In richelbilderbeek/ribir: ribir, basic phylogenetics page

library(dplyr)
library(tidyr)
library(reshape2)

Mann-Whitney U test

set.seed(42)
a <- runif(100)
b <- runif(100)
alpha <- 0.05 # Significance level
p_value <- wilcox.test(a, b, correct = FALSE)$p.value
if (p_value < alpha) {
  print(paste0("Different distributions, p = ", p_value))
} else {
  print(paste0("Same distributions, p = ", p_value))
}

a <- runif(100)
b <- rnorm(100)
p_value <- wilcox.test(a, b, correct = FALSE)$p.value
if (p_value < alpha) {
  print(paste0("Different distributions, p = ", p_value))
} else {
  print(paste0("Same distributions, p = ", p_value))
}

Measurements in two columns

Now these distributions are put in a data frame, replicates in a different column:

df <- data.frame(treatment = rep("A", 10), d1 = runif(10), d2 = rnorm(10))
df$treatment <- as.factor(df$treatment)
knitr::kable(df)

df_new <- df %>% group_by(treatment) %>% # nolint
   summarise(p_value = wilcox.test(d1, d2)$p.value)
knitr::kable(df_new)

Measurements in one column

Now these distributions are put in a data frame, replicates in a different column.
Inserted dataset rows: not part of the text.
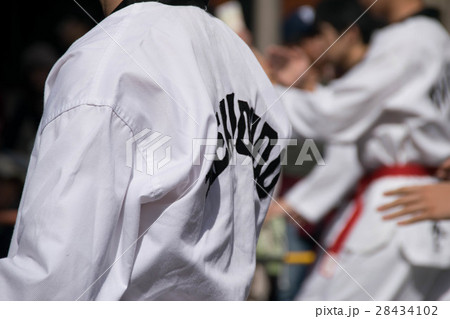 勇ましい勇姿 勇ましい勇姿 28434102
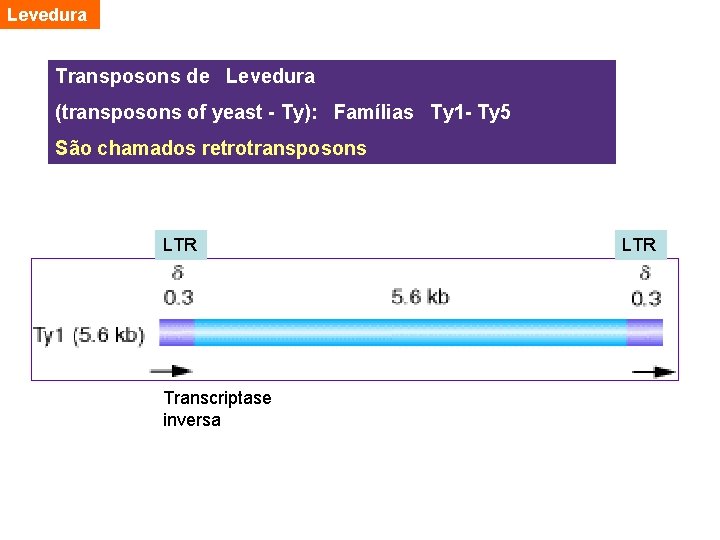 Levedura Transposons de Levedura (transposons of yeast - Ty): Famílias Ty 1 - Ty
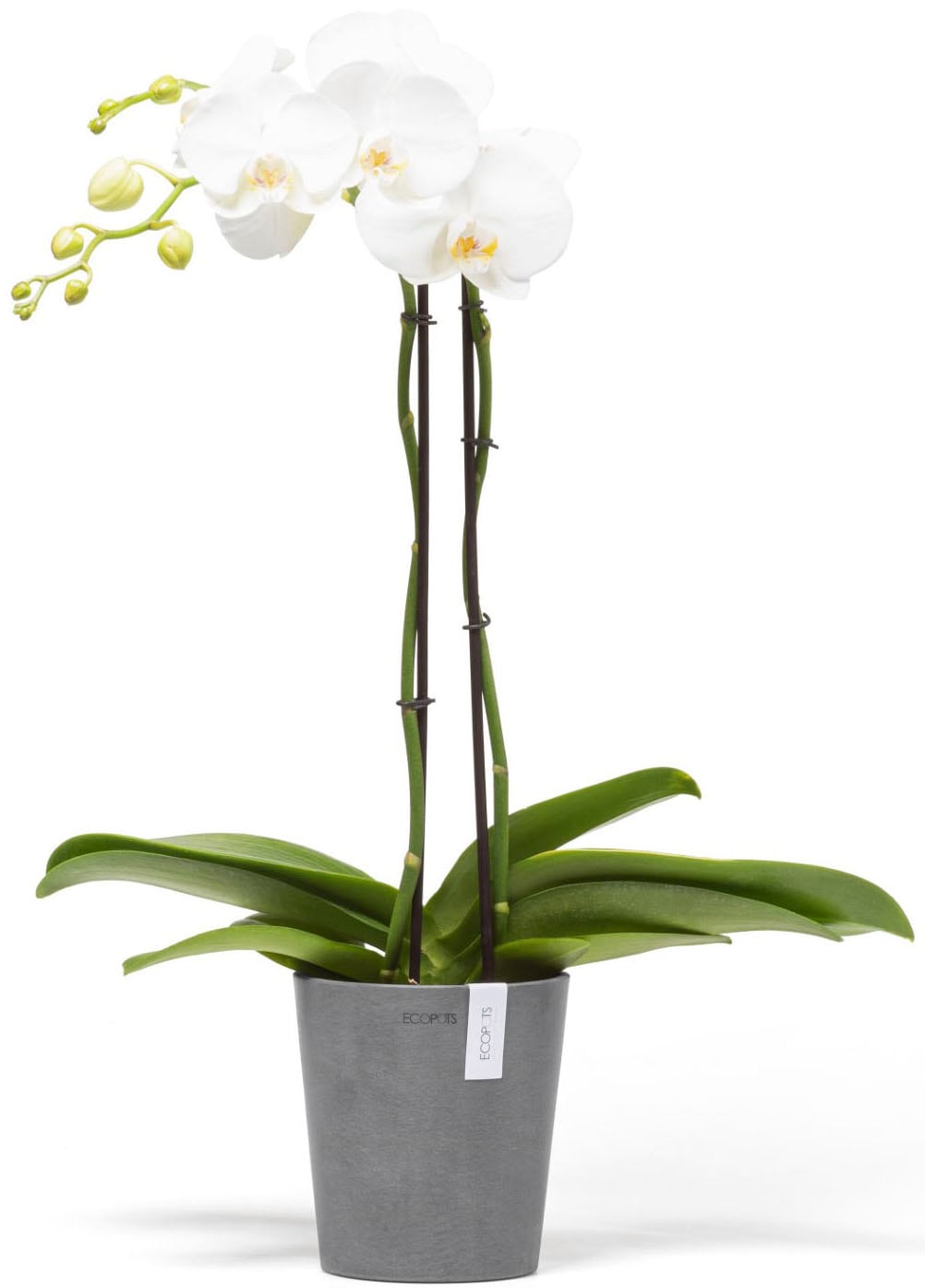 ECOPOTS Blumentopf »Morinda« ØxH: 14,2x16 cm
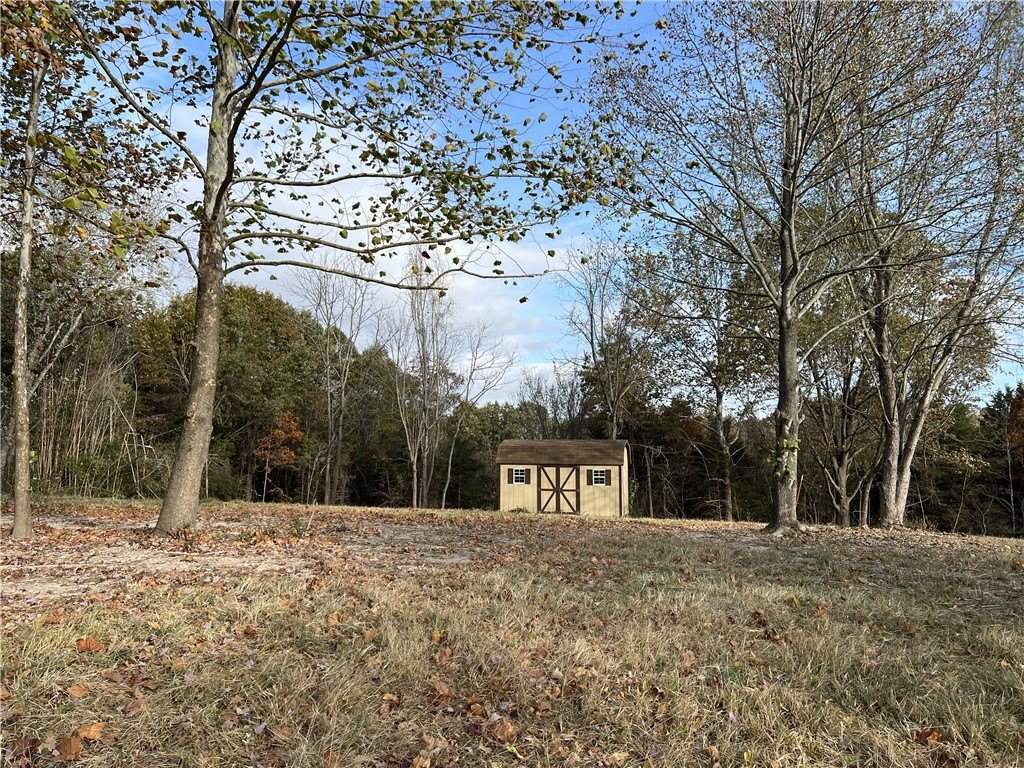 Picture 4
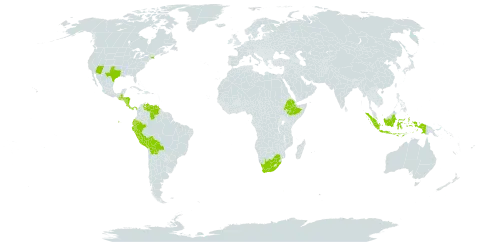 Salvia tiliifolia world distribution map, present in Bolivia (Plurinational State of), Costa Rica, Ecuador, Ethiopia, Guatemala, Honduras, Indonesia, Nicaragua, Panama, Peru, United States of America, Venezuela (Bolivarian Republic of), and South Africa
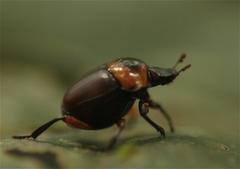 Canthon luteicollis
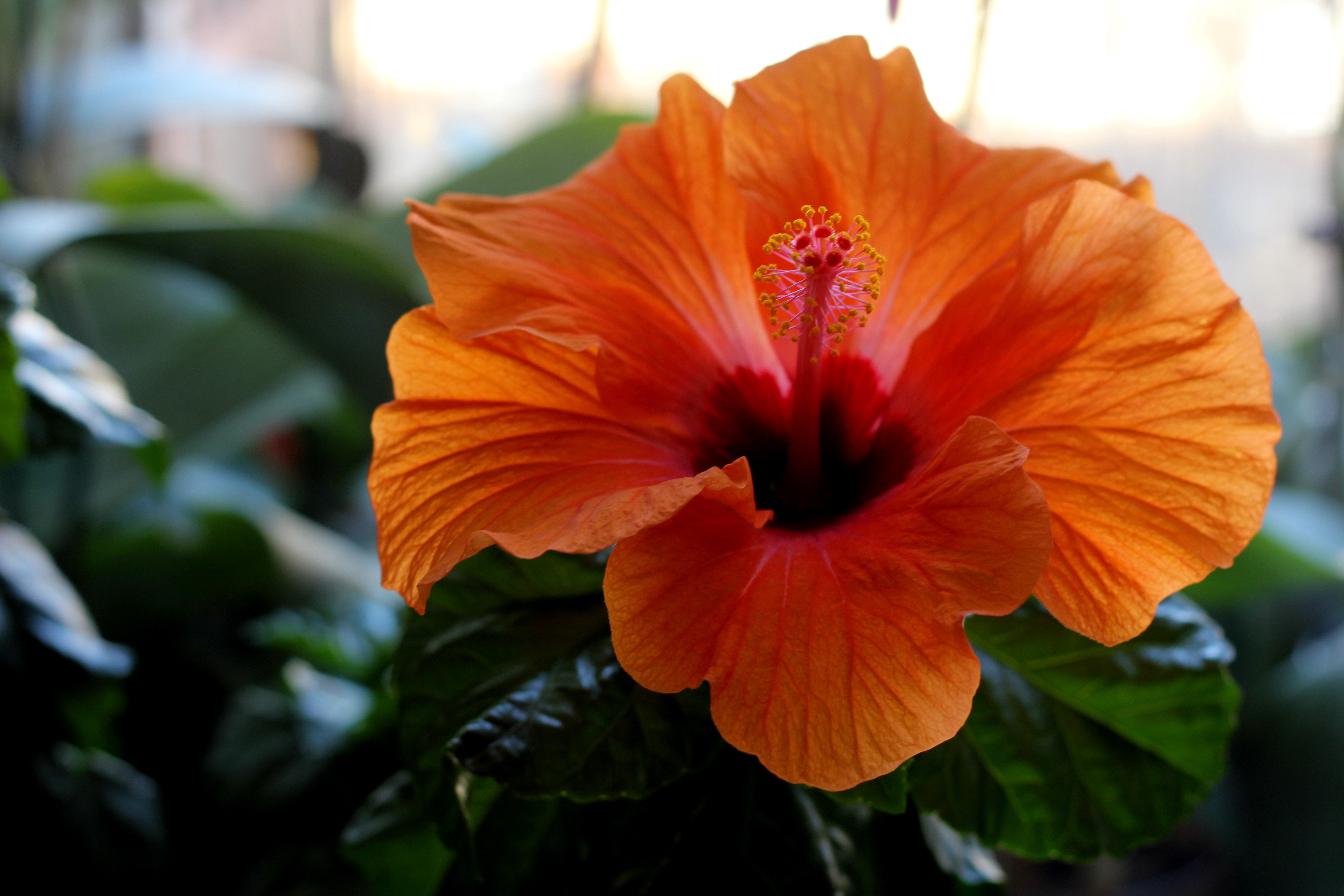 Цветы оранжевого цвета названия и фото. Гибискус желтый. Гибискус Sabaudia. Гибискус (Hibiscus).. Гибискус кроссандра комнатный.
This will not work as simple as I would expect: one has to add the index of each observation

df <- data.frame(
  treatment = rep("A", 10),
  replicate = rep(c("B", "C"), each = 5),
  i = rep(1:5, times = 2),
  x = c(runif(5), rnorm(5)),
  stringsAsFactors = FALSE
)
df$treatment <- as.factor(df$treatment)
df$replicate <- as.factor(df$replicate)
df$i <- as.factor(df$i)
knitr::kable(df)

df <- df %>% tidyr::spread(replicate, x)
# Remove column with title 'i'
df <- subset(df, select = -c(i))
knitr::kable(df)

# Now we can compare the columns
df_new <- df %>%
  group_by(treatment) %>%
  summarise(p_value = wilcox.test(B, C)$p.value)

knitr::kable(df_new)